At least 75% of the total patient care services of the group practice members must be furnished through the group and billed under a billing number assigned to the group, and the amounts received must be treated as receipts of the group.
The overhead expenses and income from the practice must be distributed according to methods that are determined before the receipt of payment for the services giving rise to the overhead expense or producing the income.
Members of the group must personally conduct no less than 75% of the physician-patient encounters of the group practice.
The group practice definition also imposes certain limitations on how physician compensation may be determined.
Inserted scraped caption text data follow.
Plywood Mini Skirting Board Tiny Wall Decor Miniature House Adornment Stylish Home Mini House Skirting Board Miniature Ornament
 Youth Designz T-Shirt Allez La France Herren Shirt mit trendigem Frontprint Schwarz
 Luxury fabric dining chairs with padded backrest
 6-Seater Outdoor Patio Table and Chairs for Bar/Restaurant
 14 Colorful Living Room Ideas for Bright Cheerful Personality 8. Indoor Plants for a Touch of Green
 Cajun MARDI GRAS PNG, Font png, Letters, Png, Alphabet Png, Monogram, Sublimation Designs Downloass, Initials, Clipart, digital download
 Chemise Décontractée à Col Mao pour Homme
Specifically, the physician members of a group are prohibited from directly receiving compensation based on the volume or value of their own referrals, unless they perform the services themselves or the services are “incident to” the individual physician’s services. Applying this limitation to the fact pattern described above, it is acceptable to compensate the physicians based on their collections, reduced by an allocation of expenses to reflect the overhead of their office. Unless the physicians personally perform the A-scans or B-scans, however, because they are designated health services, the proposed compensation methodology is not acceptable under Stark. Instead, profits derived from designated health services should be shared equally among the physician partners or distributed consistent with each physician’s respective ownership in the practice.
Finally, payment of a bonus based on the volume of post-cataract spectacles ordered is permissible under the Stark Law. Despite the technical categorization of post-cataract surgery spectacles as a “prosthetic device” and therefore a designated health service under Stark, under the final regulation CMS exempted post-cataract spectacles from the list of designated health services.